▸ WORK TO COMPLETE: Render every line of the data exactly as written, and leave out the pictures.

▸ COLLECTED MATERIAL:
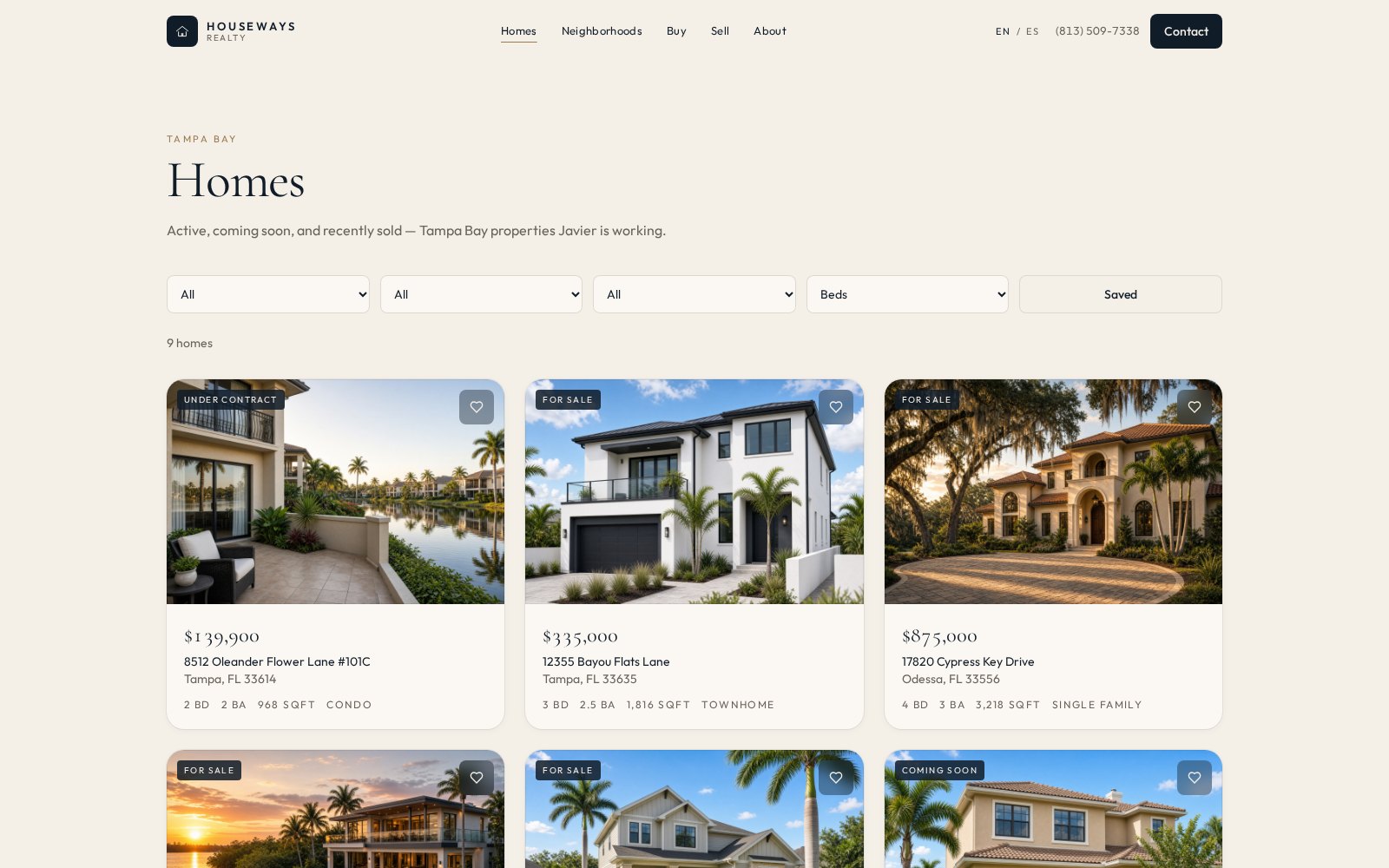 Homes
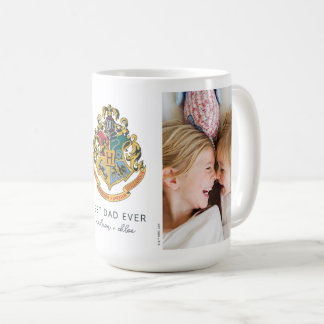 Harry Potter | Hogwarts Crest - Best Dad Ever Coffee Mug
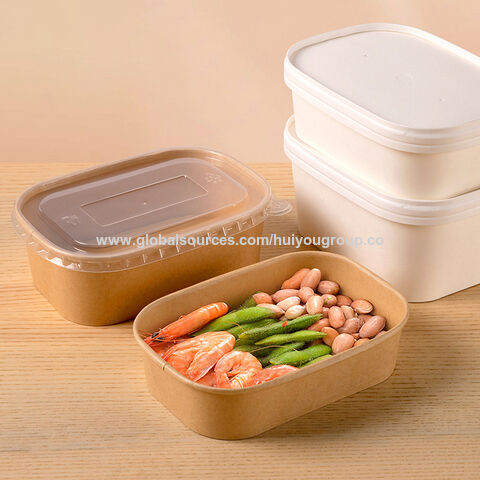 Custom Restaurant High Quality Disposable Fast Food Takeaway Box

▸ SOLUTION:
 Homes
 Harry Potter | Hogwarts Crest - Best Dad Ever Coffee Mug
 Custom Restaurant High Quality Disposable Fast Food Takeaway Box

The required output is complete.